戦争は有利な交渉を目的とするものだ。有利な交渉をするために戦争を行う。政治的に優位に立つという事だ。ほとんどの戦争がそうして終わって来たから、今、私たちが生きている。

殲滅戦などと言うが、それが戦術の話でしかない。局所的な殲滅、つまり、虐殺は戦争につきものと言っていい。虐殺をしていない国家はない。ない方がいいが、残念ながら現実はその対極にある。

テロとの戦いが面倒なのは、交渉など最初から考えていない者たちを相手にしているからだ。イスラム・テロ集団は政治的優位など眼中にない連中で、宗教行為として戦闘に従事している。これを政治の視点で見るのは愚かな事で、政治という相対的な優劣の問題ではなく、宗教という絶対性に関わっているのだと認識しなくてはいけない。

神=絶対というのは無限という事でもあって、政治に無限を持ち込んではいけないというゲーム理論の教えがあるのだから、イスラム・テロ集団というカルトを政治的にとらえるのは間違いなのだ。マルクス主義テロ集団も政治的なようでいて特攻精神のカルトだから、左翼の中の軟弱で小狡い者たちが議員職にしがみついたおかげで文明が破壊されずにすんだ。左翼が無限を求めるのは宗教性の証拠と言っていい。吉本隆明はこれを指して超越性という言った。

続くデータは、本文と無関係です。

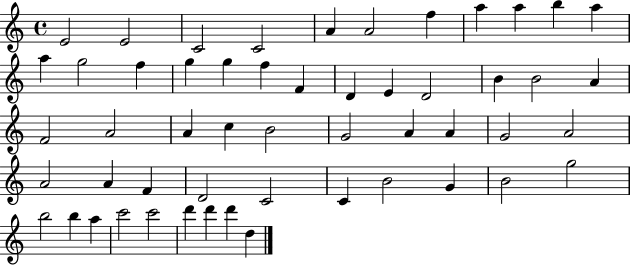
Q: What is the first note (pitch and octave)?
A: E4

テロは無限への衝動であり、政治は有限の営為だ。で、無限よりも有限が強いのはAIと同じで、お掃除に特化した有限のAI掃除機は商品価値もあり、どんどん有能になっていて力を発揮しているが、無限を目指す汎用AIは莫大なリソースを使って、馬鹿げた成果を出しているだけだ。現実的には、様々な用途に特化した有限AIが性能を上げて行くのが未来なのだろう。でも、掃除機よりも汎用AIの方が夢と希望があるように感じさせてはくれる。

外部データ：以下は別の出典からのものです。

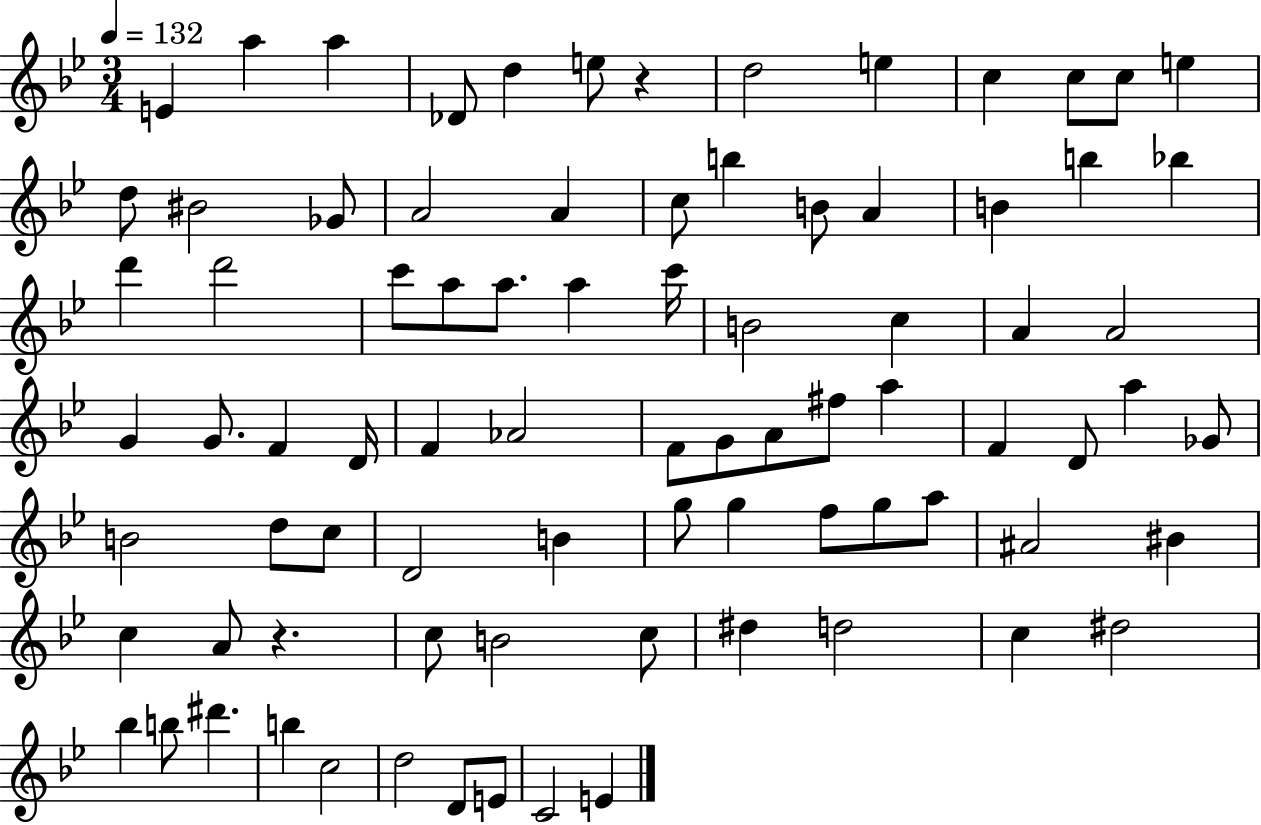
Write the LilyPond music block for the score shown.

戦争は政治的な道具で、政治であるからには有限だ。落としどころは交渉であって、どういう形で終わらせるのかを決める。平和が行き詰った時に他に解決方法がなければ、つまり、交渉しようがなければ戦争も打開方法のひとつになる。そういう風に戦争は平和を目指すための方法のひとつなのだ。

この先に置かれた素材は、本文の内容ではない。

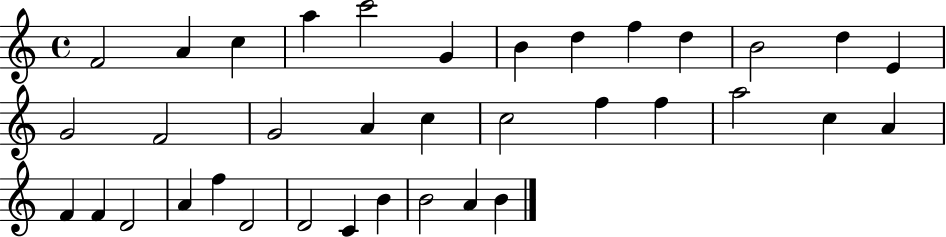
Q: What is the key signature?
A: C major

重要なのは、相手が軽率に戦争という手段に出ないようにする事で、これは抑止という。相手のスパイ行為を阻止するのも抑止のひとつだ。手の内を読んだと思った相手が戦争をしかけて来る可能性を減らすという事だ。相手に妙な気を起こさせないというのはとても平和的な態度なのだ。

日本なら、北朝鮮や中国を踏みとどまらせるのは日本の責任でもある。抑止がきちんと行われていれば、北朝鮮による日本人拉致などという悲惨な犯罪行為や尖閣はありえなかった。かつてスパイ防止法に反対した者=国賊の罪は大きく深い。

だから、今、私たちは物事をあまり広げて考えず、限定するよう注意すべきなのだ。